Всякий раз Кате казалось, что поток ее мыслей вызовет у Володи ответное желание бежать к столу и исповедоваться. Но дни шли, мысли, что крутились вокруг отправленного письма, стихали, улетали прочь, внимание поворачивалось к однокурсникам, знакомым, тем, кто был рядом. Образ Володи — благо он был призрачен (пожалуй, Катя могла сравнить его с фреской в почти разрушенной часовне, когда стоишь в груде мусора, смотришь на стену, видишь силуэт и понимаешь, что там — благообразный старец, хотя, если разобраться, на стене лишь грязь с остатками былой краски), образ Володи скрывался за слоями: сначала за мыслями, что продолжали витать в голове Кати после того, как письмо Володе было отправлено, затем за удивлением и обидой, что так долго нет ответа, но когда Катя уже не помнила, о чем написала Володе, и интересы ее уже обитали в другой сфере, и она была переполнена французской поэзией или русской мемуаристикой — тут, как всегда нежданно и неожиданно, приходил конверт с листочками, исписанными знакомым уже, особым почерком, и обида исчезает, и мгновенно рождается интерес: что же там, в том конверте, на тех листках; и письмо всякий раз оказывалось как нельзя более кстати, вовремя: столько всяких изменений произошло в мире Кати, столько появилось новых увлечений, мыслей, догадок, рассуждений, впечатлений, что она тут же бросалась писать ответ, чтобы излить на бумаге все, что теперь интересовало, тревожило, будоражило ее, и, высказывая свои новые мысли, новые суждения, она как бы сама в них разбиралась, и то, что тревожило ее своей неопределенностью, к концу письма становилось ясным, стройным и единственно возможным, словно, сообщая свои мысли Володе, Катя, чтобы Володе было понятнее, наводила в своих мыслях порядок, раскладывала по каталогу, расставляла по нужным ячейкам, а попутно анализировала, отбрасывала устаревшее, неинтересное, утверждала нечто вновь (иногда в процессе письма) созданное. И всякий раз, читая его письмо, поражалась: если она металась, искала, ошибалась, воспламенялась и разочаровывалась — он, казалось, был все тот же, сделанный однажды и навсегда, эдакий прочно слепленный монолит, не подверженный ветрам и веяниям.
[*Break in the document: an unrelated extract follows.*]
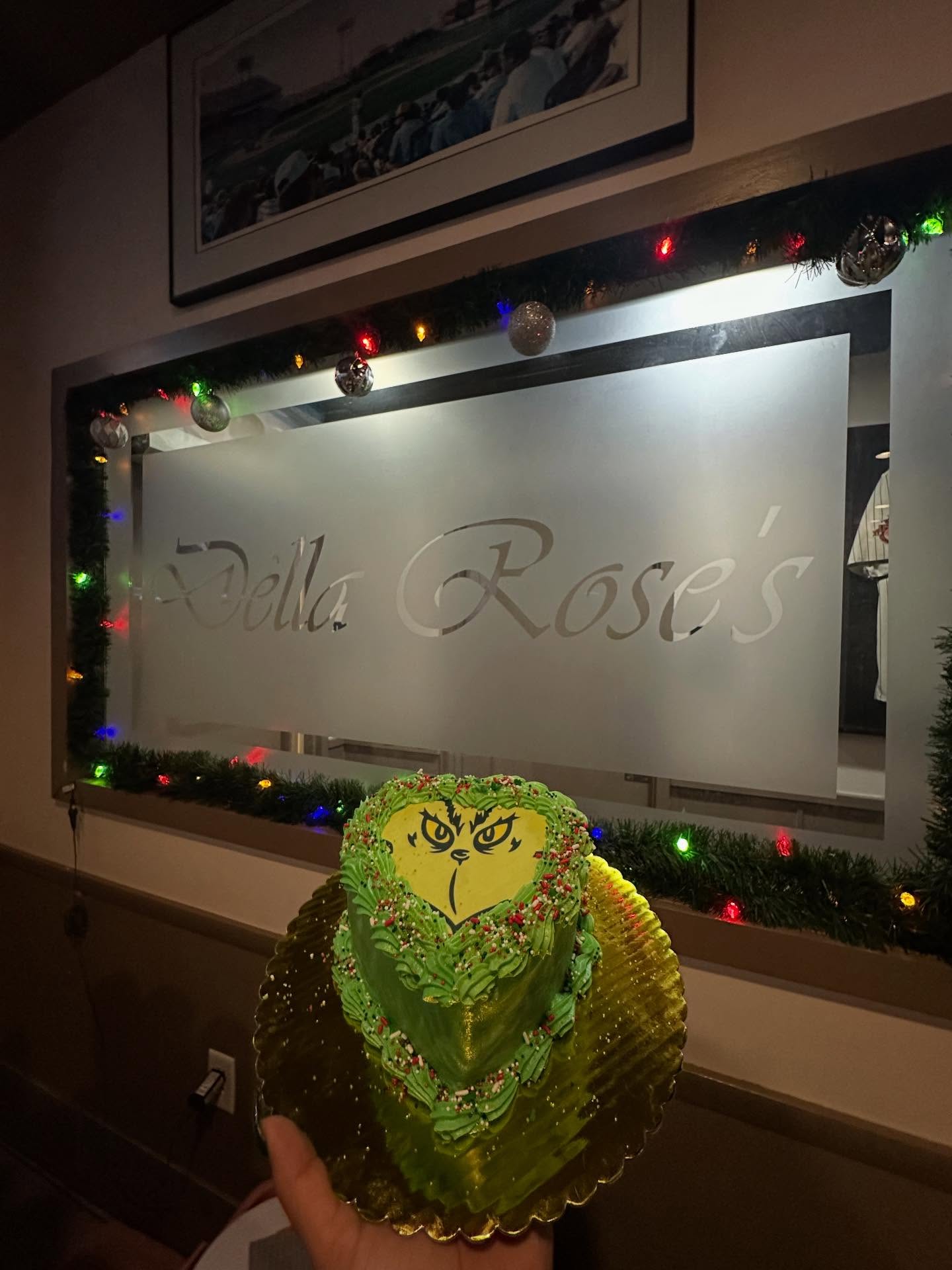 Last Night was a Blast 💚 Thank you @emilysbakedbakery for teaching such a fun class!! Keep scrolling for the “After Video”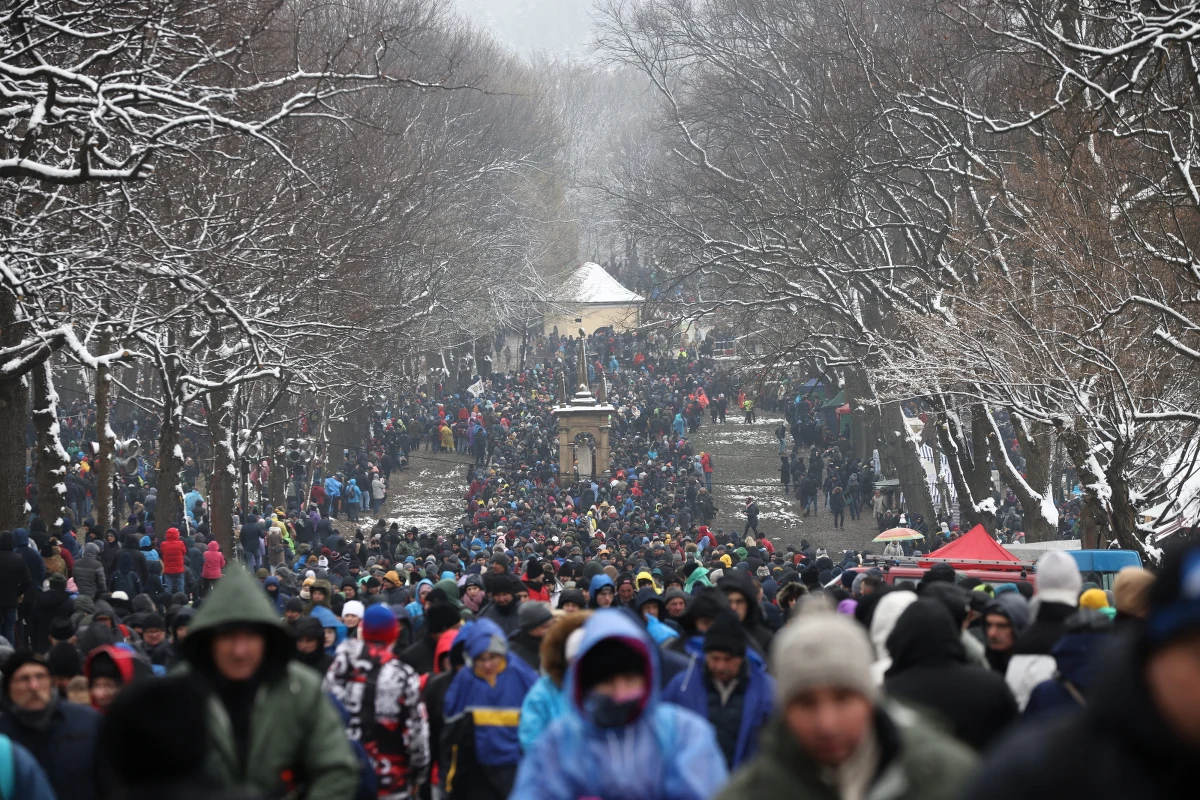 Około 65 tys. wiernych wzięło udział w misterium Męki Pańskiej w sanktuarium w Kalwarii Zebrzydowskiej (woj. małopolskie). Metropolita krakowski abp Marek Jędraszewski w słowie pasterskim podczas uroczystości wielkopiątkowych podkreślił, że w dziejach świata wielokrotnie konieczna była obrona obiektywnych wartości. "Częstokroć wobec najrozmaitszych nacisków i presji, (…) w obliczu różnych 'ulic i zagranic', ci, którzy z racji pełnionych przez siebie w społeczeństwie ról i urzędów są odpowiedzialni za strzeżenie tych wartości, powielają postawę Piłata. Uciekają od osobistej odpowiedzialności, a przez to – od autentycznej wolności. Mając zazwyczaj na ustach najprzeróżniejsze frazesy o wolności, okazują się duchowymi karłami" – powiedział.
Его письма всегда были в спокойной манере, без ерничанья, с чуть заметной улыбкой старшего над проказами и эмоциональностью младшего, но без умничанья, без всемирных обид и глобальных разочарований — Володя жил в каком-то прочном мире, где ничего не только не рушилось, но и не менялось вовсе, где время как бы текло по каким-то иным законам, обходя тугой плавной волной бытие, лишь задевая его, но ничего в нем не сокрушая, не меняя.
"Сначала прошу меня извинить и объясняю, почему долго не писал. У нас сейчас есть еще тренировки в зале, где, мы, в основном, играем в баскетбол. Но у нас, гребцов, это нечто среднее между регби и настоящим баскетболом. Мне, как всегда, не повезло — повредил руку, да так, что несколько дней не мог даже писать. А сейчас накопились в институте мелкие долги. Приходится, в основном, писать — оформлять всякие практические занятия, задания и т. д.
Летом наши ребята собираются в поход на Алтай, охотиться на медведей. Как по-Вашему, стоит ли составить им компанию? Вдруг привезешь домой медвежью шкуру, все лопнут от зависти. Только бы свою там не оставить.